I could see my breath this mourning in CA's central valley


----------



## Kim Chee (Nov 10, 2011)

Funny, I could smell mine on the central coast


----------



## Puckett (Nov 10, 2011)

you all bitch when its too hot and hope for the cold, then when its cold you bitch its too cold and hope for the heat.

GET THE FUCK OVER IT!

Its called seasons changing, we have 4 of them, get used to it because they will always change.


----------



## Dishka8643 (Nov 10, 2011)

There's no such thing as bad weather, only unsuitable clothing.


----------



## hobogestapo (Nov 10, 2011)

soundpath said:


> There's no such thing as bad weather, only unsuitable clothing.


what you said


----------



## christianarchy (Nov 10, 2011)

its cold because we're destroying the planet, dude.


----------



## EphemeralStick (Nov 10, 2011)

just try to get your hands on some of them thermals. long johns are the greatest idea ever. even if you don't have them specifically double up on your clothes. over in chicago area its been cold and rainy. miserable weather, miserable indeed.


----------



## bryanpaul (Nov 10, 2011)

IT'S COLD IN NOVEMBER? .........SHIT IS GETTING NUTS....ALL THE TREES ARE TURNING BROWN AND ORANGE AND RED!!!!...WTF?...i guess nelco was right


----------



## Earth (Nov 11, 2011)

You can't go by what's happening in one area or region, you have to go by gobal climate as a whole.
It's still super mild here in CT, which is very unusual for this time of year.

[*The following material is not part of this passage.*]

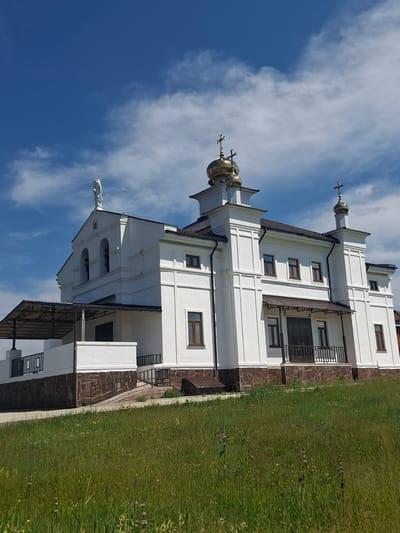 A low-angle, medium shot captures a white church with golden domes against a bright blue sky with scattered white clouds. The church features a statue of a figure standing atop its roof and a bell tower with arched openings. A ramp leads to an entrance porch with a dark door. The base of the church is clad in dark brown stone. The foreground is a grassy slope with wildflowers. The scene is static and depicts a building in a rural or semi-rural setting. The location is identified as the city of Bayanday, Russia.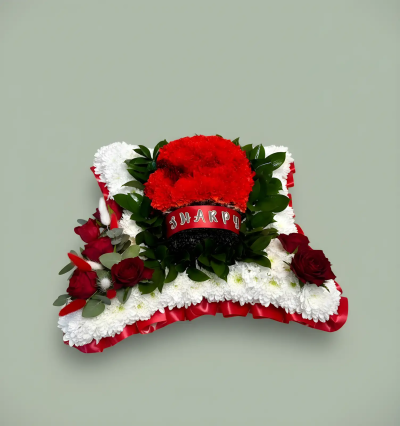 Boxing Glove - A distinctive funeral tribute featuring a traditional boxing glove design, thoughtfully arranged on a classic pillow-style base. Personalised with a name ribbon and presented in striking red, white, and black tones, this tribute offers a meaningful way to celebrate a loved one’s personality, interests, or heritage. Carefully crafted to convey respect, remembrance, and affection, it serves as a memorable focal point at funeral services, memorial ceremonies, or celebrations of life, honouring a unique individual with dignity and warmth.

We're having yet another year of interesting weather patterns, I forget what it's called - La Nina or something - but it's all about the way the jet streams a runnin...

Here's some good food for thought: http://www.hpc.ncep.noaa.gov/discussions/hpcdiscussions.php?disc=pmdspd


----------



## whaleofashrimp (Nov 13, 2011)

actually destroying the planet is the cure or cold weather..climate change yo..anyway desserts get REAL fucking cold


----------



## CrisM (Nov 13, 2011)

I heard the cold weather is a result from a storm from Alaska moving, not entirely sure how true it is. There's not a whole lot of information on it that I could find. I don't think it's the result of the cold weather in the south though - but could be.


----------



## bicycle (Nov 13, 2011)

climate change motherfuckers!


----------



## hobogestapo (Nov 13, 2011)

what are you talking about its 70 degrees here in the south right now


----------



## Deleted member 2626 (Nov 30, 2011)

what a bitch try and change mother nature nowwww


----------